Divergente não diverge muito do que é visto no subgênero
Podem imaginar a disposição dos críticos de cinema adultos ao receberem a notícia de que terão que encarar mais um filme baseado em um livro de ficção e aventura juvenil. Para ser justo e não dizer que isso é tudo o que é feito atualmente na meca do cinema, podemos afirmar também um certo desgaste nas refilmagens e adaptações de quadrinhos de super-heróis. É claro também que nada disso importa se as obras forem de fato boas. Afinal ninguém reclama da fonte de um bom exemplar cinematográfico, só dos ruins.
E o problema é justamente esse. Temos muitos exemplares ruins do subgênero. Ao ponto de perdermos a conta. Desde que Harry Potter deu (muito) certo, Hollywood despertou para a coisa e terminou por encorajar todo tipo de escritor. Daí vieram Crepúsculo e Jogos Vorazes, de qualidades variadas, mas sucesso inquestionável. E quem não quer garantir seus milhões. Sem dúvidas Dezesseis Luas, A Hospedeira, Percy Jackson, A Bússola de Ouro, Os Instrumentos Mortais e outros tentaram.
Agora chega a vez de Divergente, ficção infanto-juvenil da escritora Veronica Roth (por si só uma jovem de 25 anos). É claro que a “menina autora” bebe na fonte de Harry Potter (a seleção de qual casa você irá ficar), Jogos Vorazes (treinamentos e combates intensos para o público mais novo) e infelizmente de A Hospedeira e Os Instrumentos Mortais também (com uma protagonista que é a predestinada). A bola da vez é Tris, personagem da bela e talentosa Shailene Woodley.
Woodley marcou presença provando que é boa atriz em obras como Os Descendentes (2011, indicado ao Oscar de Melhor Filme) e The Spectacuar Now (2013, romance superelogiado saído de Sundance e ainda inédito no Brasil). A carreira da menina tem tudo para decolar e aqui ela investe numa superprodução mirada ao público jovem para se tornar uma estrela. No texto de Roth, o mundo do futuro é dividido por facções trabalhistas, definidas por suas aptidões.

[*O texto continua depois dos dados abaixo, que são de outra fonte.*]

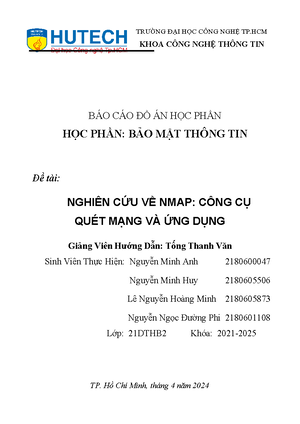 [Solved] Cc ng dng thc tin trong cc ngnh ngh ca thuyt tm l hc nhn vn v ...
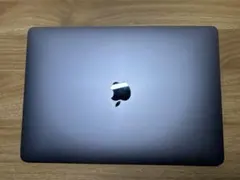 2026年最新】Apple Macカラー：スペースグレイ MacBook本体の人気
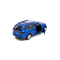 Автомоделі - Автомодель TechnoDrive BMW X7 синій (250270)#7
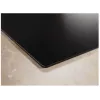 Electrolux LIB60420CL indukcinė kaitlentė 60 cm
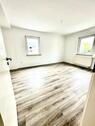 Foto - Obergeschoss Wohnung - 950,00 EUR Kaltmiete,
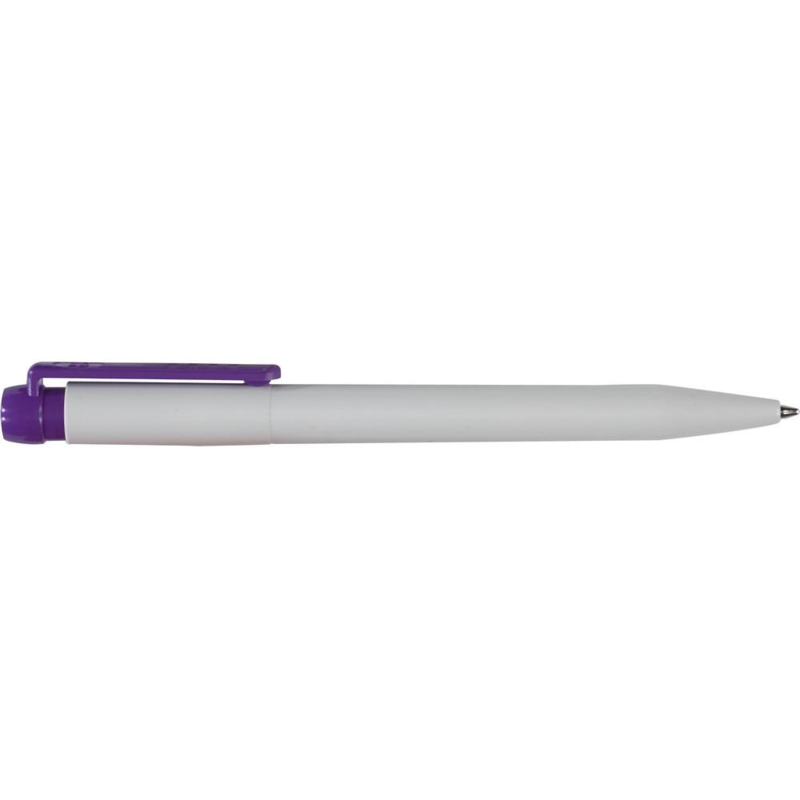 Długopis STILOLINEA VA805-13 – zdjęcie 3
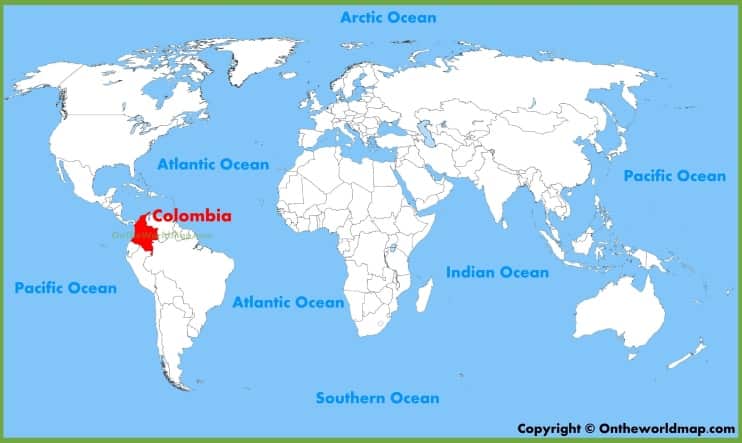 colombia-location-map-max.jpg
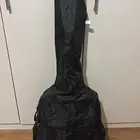 قيتار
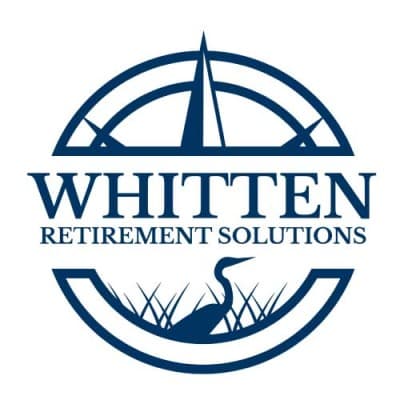 WHITTEN RETIREMENT SOLUTIONS, LLC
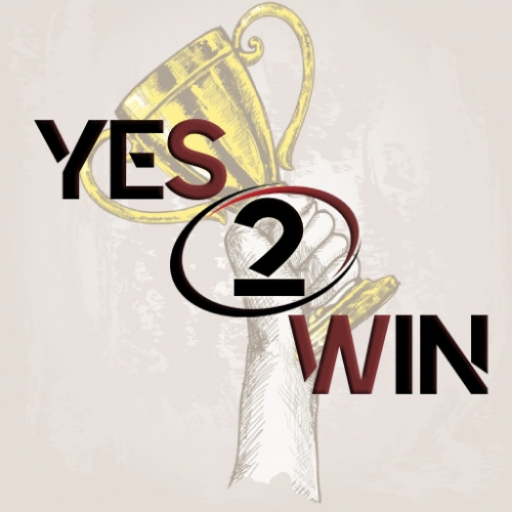 komputer Yes2win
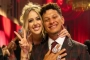 Patrick Mahomes' 8-Month-Old Son Bronze Rushed to ER Due to Allergic Reaction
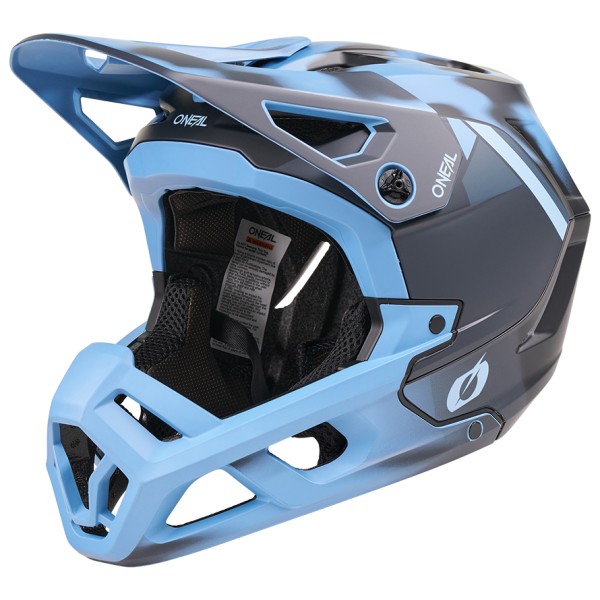 O'Neal - SL1 Helmet Glacior - Casque de cyclisme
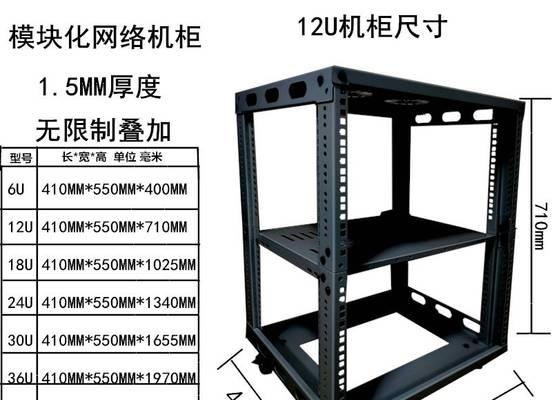 选择适合的电脑型号来进行监控模块教程（如何选择适合的电脑型号来进行监控模块教程）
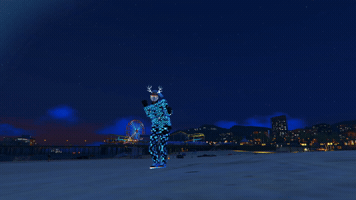 Animated GIF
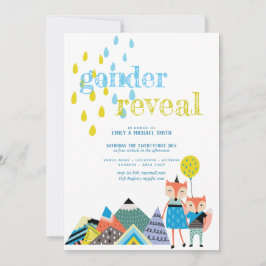 Die skandinavische Kunst-Genitalverstümmelung lädt Einladung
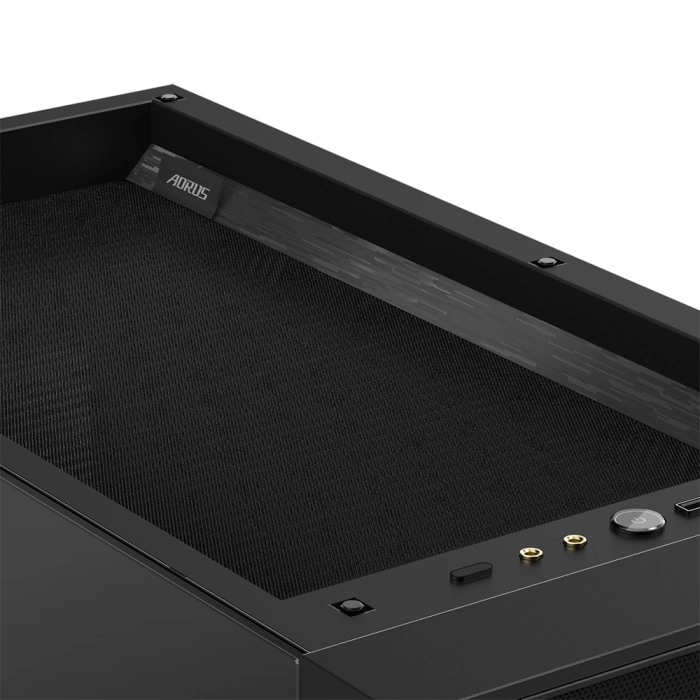 Gigabyte AORUS AC500 ST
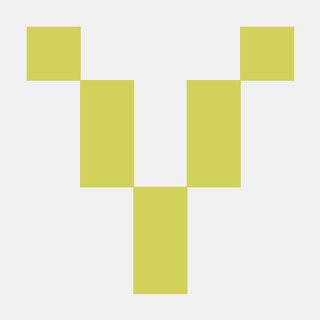 michalsmith187-tech profile picture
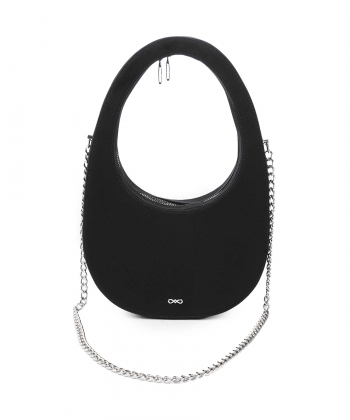 کیف دوشی زنانه صاد مدل AY11401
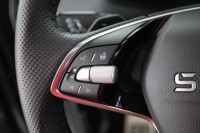 Skoda Karoq Sportline 1.5 TSI DSG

Ao completar certa idade, os jovens perante um conselho, escolhem suas facções. Para isso colocam o chapéu selet… ops, digo, cortam a mão e deixam uma gota de sangue cair na vasilha do grupamento específico. Os pais de Tris são altruístas importantes e influentes. Tal classe é a regente deste mundo futurístico. Seu trabalho consiste em ajudar os pobres, algo mais caridoso impossível. Porém, ao contrário do que esperam seus pais (vividos por Tony Goldwin e Ashley Judd), a pequena Tris tem aspirações maiores e sonha com os audaciosos – membros de uma força de elite designada para proteger todos nesta sociedade.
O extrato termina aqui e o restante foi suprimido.